Czy kogoś to jeszcze dziwi? W Zakopanem wszystko jest drogie, ale żeby spieniężyć każdą możliwą rzecz. Tym razem za pogłaskanie konia trzeba zapłacić 5 złotych.
Na Facebookowej grupie „Głos ulicy – prywatne komunikaty w przestrzeni publicznej” pojawiło się zdjęcie kartki, które prawdopodobnie zrobiono na Gubałówce. Może zrobiono je w innym miejscu, ale internauci od razu połączyli je z Zakopanem.
Górale nie przestaną zaskakiwać
Zobacz
– Jeśli chodzi o polskie góry, to jest tam wiele szczytów. Na przykład, szczyt zachłanności – napisał twórca pod zdjęciem.
Zrozumiałe jest, że głaskanie konia może być dla niego nie przyjemne. Szczególnie, kiedy robią to dzieci, które nie mają wyczucia i nie wiedzą, że mogą wyrządzić krzywdę zwierzęciu.
W takiej sytuacji należałoby usunąć konia z tego miejsca, a nie wykorzystywać dręczenia zwierzęcia do zarabiania pieniędzy. Górale takimi sytuacjami sobie nie pomagają.
Internauci krytykują zachowanie górali
Pod postem pojawiła się masa komentarzy krytykujących i wyśmiewających górali. Pojawiły się też osoby broniące górali. Dodatkowo oberwało również Zakopane.
– Zakopane to stan umysłu – pisze internauta.
– Tutaj akurat nie podejrzewam ich o chciwość. Ludzi tam jest mnóstwo i co 2-3 męczy tego biednego konia myśląc, że to dla niego takie przyjemne… – czytamy w komentarzach.
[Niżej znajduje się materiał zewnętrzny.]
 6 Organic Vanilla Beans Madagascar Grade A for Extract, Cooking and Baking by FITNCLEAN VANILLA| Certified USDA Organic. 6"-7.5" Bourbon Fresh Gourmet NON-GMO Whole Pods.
– I górale się dziwią ze maja taka opinie – pisze internauta.
– Pewnie niegrzeczne dzieci zwierzę zaczepiały, biły i ciągnęły za grzywę czy ogon. Bez powodu to nie powstało – czytamy w komentarzach.
– Ile głasków i czy dzieci mają zniżkę? – pisze internauta.